(Short text fragments from websites)
———
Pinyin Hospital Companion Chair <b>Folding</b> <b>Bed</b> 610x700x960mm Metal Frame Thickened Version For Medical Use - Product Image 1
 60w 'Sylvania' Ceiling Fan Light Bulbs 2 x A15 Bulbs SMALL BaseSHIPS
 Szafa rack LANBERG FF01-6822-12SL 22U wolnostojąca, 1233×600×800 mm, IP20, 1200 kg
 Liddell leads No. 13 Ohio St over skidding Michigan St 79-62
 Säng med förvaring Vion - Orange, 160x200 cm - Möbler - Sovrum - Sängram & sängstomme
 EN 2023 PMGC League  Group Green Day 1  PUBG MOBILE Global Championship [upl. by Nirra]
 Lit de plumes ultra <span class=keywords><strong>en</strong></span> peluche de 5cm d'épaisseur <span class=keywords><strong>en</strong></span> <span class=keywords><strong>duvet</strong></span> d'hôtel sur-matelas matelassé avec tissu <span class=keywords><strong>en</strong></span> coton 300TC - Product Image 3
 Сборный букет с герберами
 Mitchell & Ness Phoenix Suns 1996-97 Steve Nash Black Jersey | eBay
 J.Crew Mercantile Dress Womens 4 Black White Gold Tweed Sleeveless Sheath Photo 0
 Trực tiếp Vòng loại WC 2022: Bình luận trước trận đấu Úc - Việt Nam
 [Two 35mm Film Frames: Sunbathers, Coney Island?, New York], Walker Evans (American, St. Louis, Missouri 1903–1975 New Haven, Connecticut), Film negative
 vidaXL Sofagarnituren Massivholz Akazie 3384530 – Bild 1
———
> **Goal of the exercise**: Reproduce all of the records precisely. No word may differ.

> **Answer section**:
Pinyin Hospital Companion Chair <b>Folding</b> <b>Bed</b> 610x700x960mm Metal Frame Thickened Version For Medical Use - Product Image 1
 60w 'Sylvania' Ceiling Fan Light Bulbs 2 x A15 Bulbs SMALL BaseSHIPS
 Szafa rack LANBERG FF01-6822-12SL 22U wolnostojąca, 1233×600×800 mm, IP20, 1200 kg
 Liddell leads No. 13 Ohio St over skidding Michigan St 79-62
 Säng med förvaring Vion - Orange, 160x200 cm - Möbler - Sovrum - Sängram & sängstomme
 EN 2023 PMGC League  Group Green Day 1  PUBG MOBILE Global Championship [upl. by Nirra]
 Lit de plumes ultra <span class=keywords><strong>en</strong></span> peluche de 5cm d'épaisseur <span class=keywords><strong>en</strong></span> <span class=keywords><strong>duvet</strong></span> d'hôtel sur-matelas matelassé avec tissu <span class=keywords><strong>en</strong></span> coton 300TC - Product Image 3
 Сборный букет с герберами
 Mitchell & Ness Phoenix Suns 1996-97 Steve Nash Black Jersey | eBay
 J.Crew Mercantile Dress Womens 4 Black White Gold Tweed Sleeveless Sheath Photo 0
 Trực tiếp Vòng loại WC 2022: Bình luận trước trận đấu Úc - Việt Nam
 [Two 35mm Film Frames: Sunbathers, Coney Island?, New York], Walker Evans (American, St. Louis, Missouri 1903–1975 New Haven, Connecticut), Film negative
 vidaXL Sofagarnituren Massivholz Akazie 3384530 – Bild 1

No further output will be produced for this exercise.